Seorang teman bercerita saat dia memasuki sebuah komunitas baru. Dia masih membawa konsep dari daerahnya.
Di komunitas asalnya, etikat berpakaian sangat ditekankan saat makan bersama dengan orang lain. Paling tidak mengenakan baju yang pantas dan bercelana panjang. Tujuannya, supaya apa yang kita tampilkan tidak merusak pemandangan mata bagi orang lain. Â
Namun, di komunitas baru itu, dia menghadapi situasi yang berbeda. Dia mendapatkan jika pemimpin yang menyambut di komunitas itu hanya mengenakan celana pendek dan atasnya dengan kostum bola basket tanpa lengan. Sementara itu, dia berbajuk batik dan bercelana panjang.
Rasa kecewa, mungkin iya. Pasalnya, dia mau memberikan kesan terbaik, tetapi situasinya begitu berbeda.
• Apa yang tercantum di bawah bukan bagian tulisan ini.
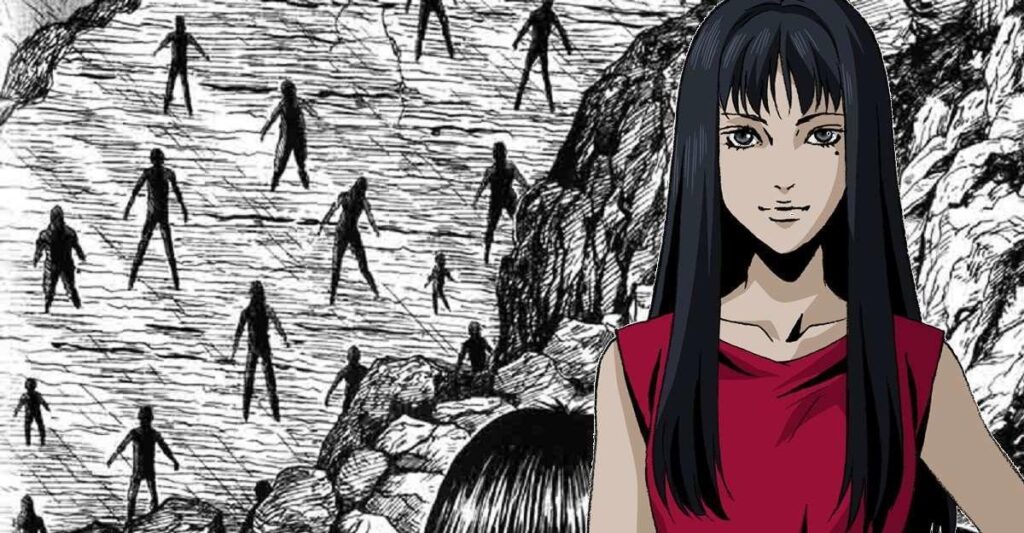 Works of Junji Ito, Japan's top horror mangaka – Clark Chronicle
Situasi itu juga membuat dia begitu shock. Di  komunitasnya terdahulu sudah diatur jika masuk kamar makan atau tempat publik untuk sebuah komunitas, paling tidak bercelana panjang dan berbaju yang pantas.
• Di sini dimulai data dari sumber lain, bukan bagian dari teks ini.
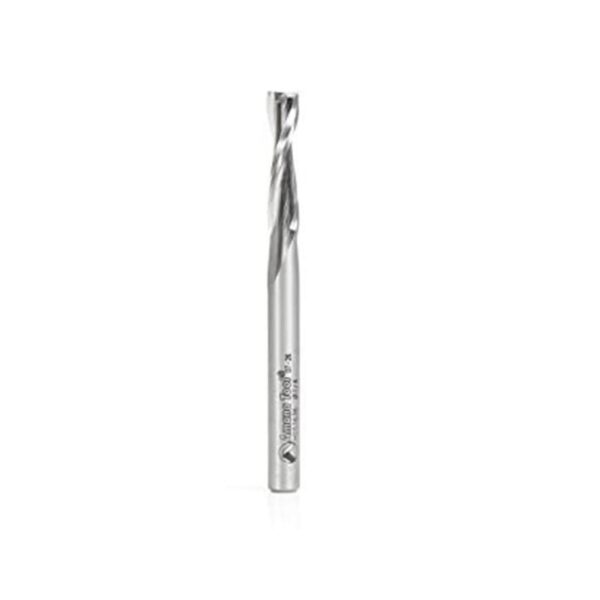 Amana Tool HSS1636 HSS Broca de corte en espiral de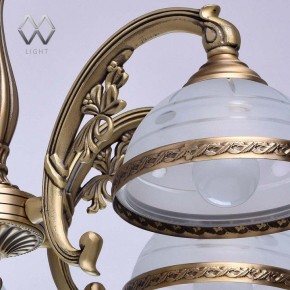 Подвесная люстра MW-Light Ангел 3 295011005 в Краснокамске - krasnokamsk.mebel24.online | фото 7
Dengan kata lain, perlu membedakan mana pakaian olahraga, pakaian tidur dan pakaian berada dengan orang lain di tempat umum.
Menurut teman ini, di komunitasnya dulu tidak baik mengenakan celana pendek dan berbaju tanpa lengan. Pasti orang tidak hanya menjauh, tetapi juga yang melakukannya akan dicela oleh anggota komunitas.
Teman ini boleh kecewa dan shock. Tetapi dia harus menyadari jika dia memasuki sebuah konteks baru dengan cara hidup yang baru.
Pada titik ini, dialah yang mesti menyesuaikan diri, dan bukannya memaksa mereka yang sudah lama tinggal di komunitas itu untuk mengikuti cara hidupnya.
Kalau dia memaksa situasi supaya berjalan seturut cara hidup dari tempatnya, muaranya bisa perdebatan atau konflik di antara satu sama lain.